I understand we are working in the interaction picture whereby states evolve via the Unitary Operataor EQ 2.10 in the notes(I think this is possibly called Dyson's formula) and operators evolve via ##e^{-iH_o t/\bar{h}}O(t=0)e^{iH_0 t\/\bar{h}}=O(t=t)## (*), where ##H_0## is the unperturbed Hamiltonian and ##O## an operator.

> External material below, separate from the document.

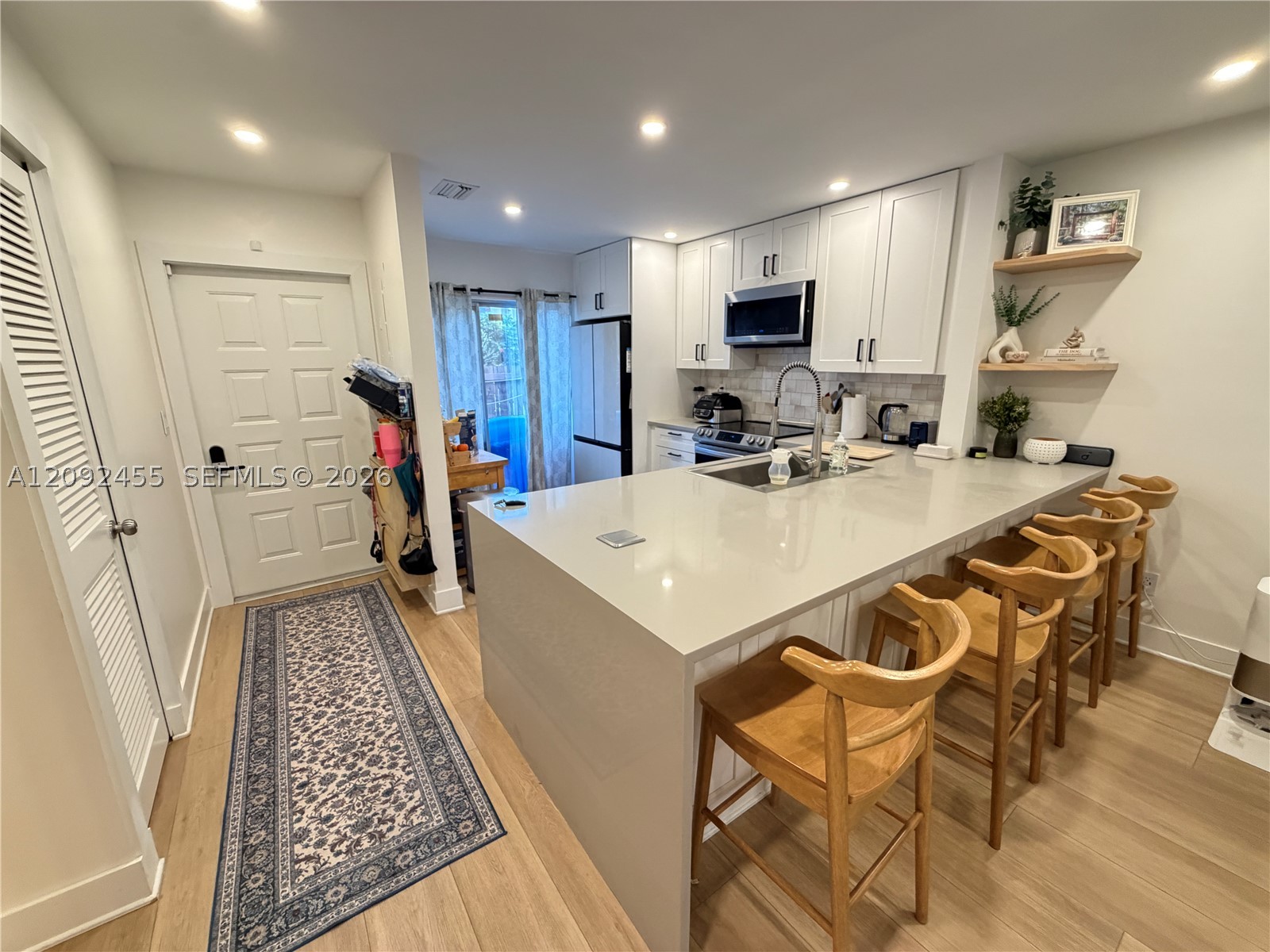 844 Banks Rd — photo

I follow up until the top of page 56, but am stuck on the next part when we 'insert complete basis of the energy eigenstates of ##H_0##
page56.png
First of all, let me check my understanding on the notation and concepts. So we have a system perturbed by ##\Delta{H(t)}## and at the top of page 54, where we say ##H_0 |m>=E_m |m> ,m> ## (**)the energy eigentates of ##H_0##. Now to check when we speak of the ground-state |0> (obtained by evolving ##t \to -\infty ## etc) , would one also refer to this, then, as a eigenstate of ##H_0##.

Most importantly, when we use the notation ## | n> ## as the complete eigenbasis, we are referring to the perturbed states right? So to get from the expression at the top of page 56 to the next expression, we have already input the time evolution of the state 0>, but not n> (and not the operator )?

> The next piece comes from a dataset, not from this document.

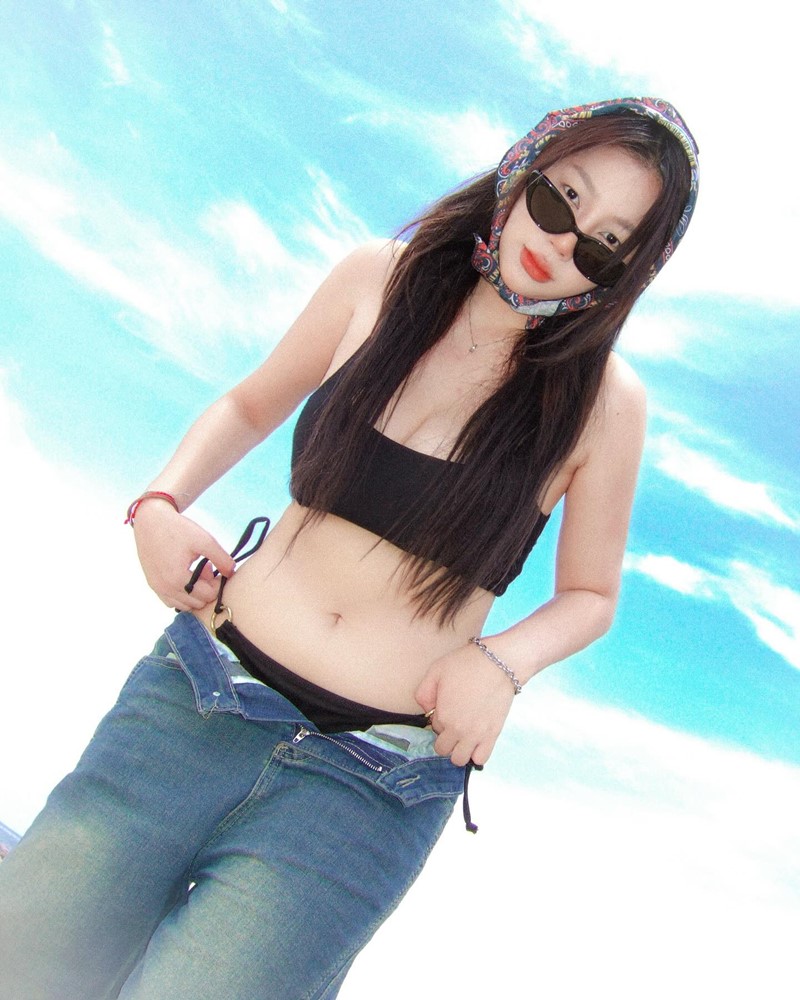 หยก พชรพร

But if so, I am totally stuck how we then get the next line, since there seems to be no further use of the unitary operator ##U(t)## but instead two applications of something similar to (*).

However to deal with the ##J_x(t)## wouldn't we get for this term ##J_x(t) \to e^{-iH_o t/\bar{h}}J_x(t=0)e^{iH_0 t\bar{h}} ##. Now I'm confused also how once translates ##H_0## to a specific energy- ##H_0## tells us the system is in the unperturbed state right? I.E any of one of these eigenstates which satisfy (**)? So where have we picked and chose ##E_n## and ##E_0## from? Have we assumed the system is in the state with energy ##E_0## at ##t=0##, and then ##E_n## is the system at time ##t##? what has actually allowed us to replace ##H_0## with ##E_i##.

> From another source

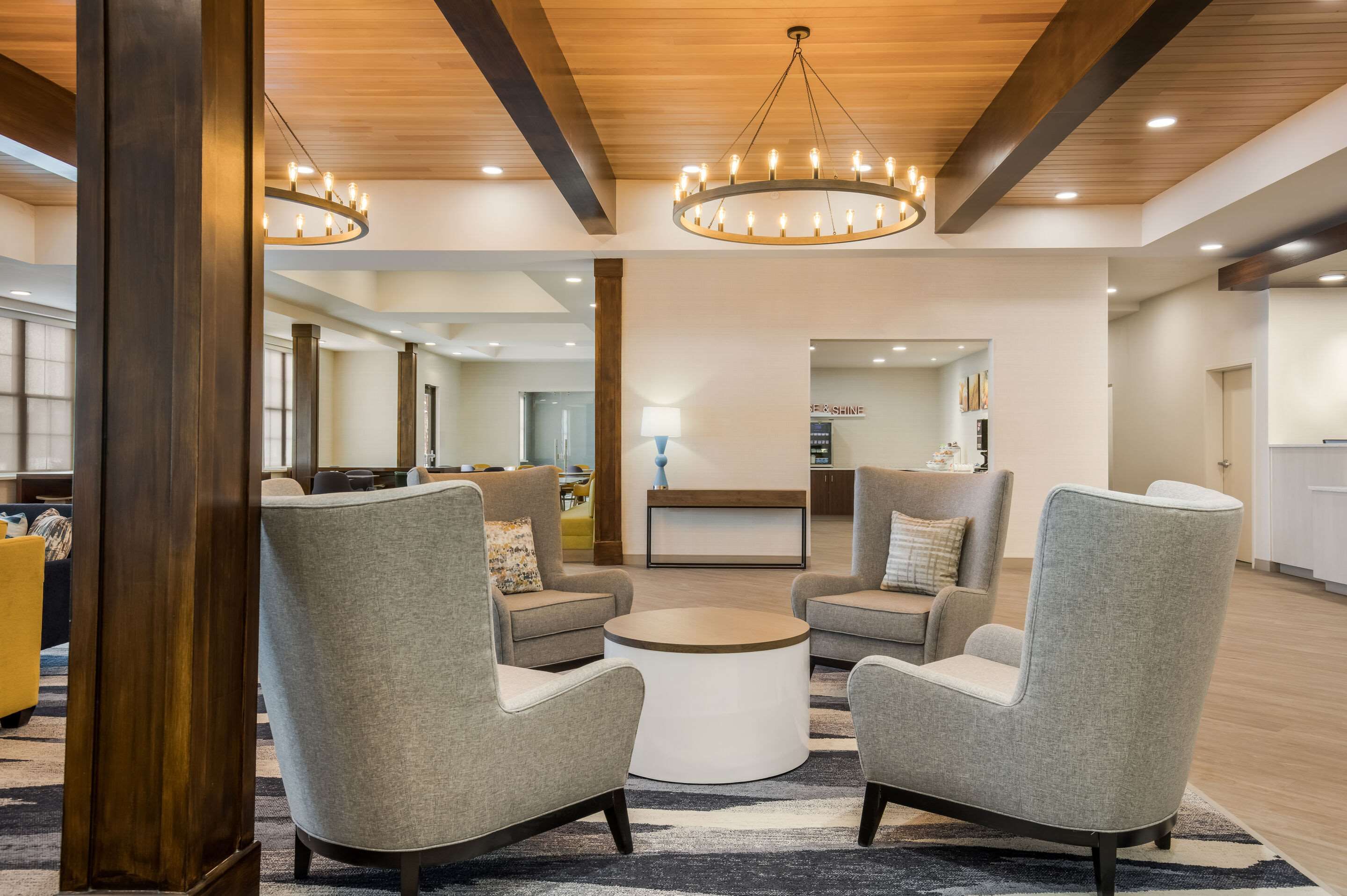 Comfort Inn and Suites Gaylord - Gaylord - Salónek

Finally, to sound stupid, am i right in thinking we can take these exponentials outside because they have no spatial dependence and the operator ##J## is made up from spatial derivatives only? But if this is the case, say if we have ## < n | B | n> ## for ##B## some operator, and ##B## is again only made up of spatial derivative operators, then, apply (*), we would be able to take this out of the bra-ket, and the exponential factors would cancel.

Apologies I'm pretty confused.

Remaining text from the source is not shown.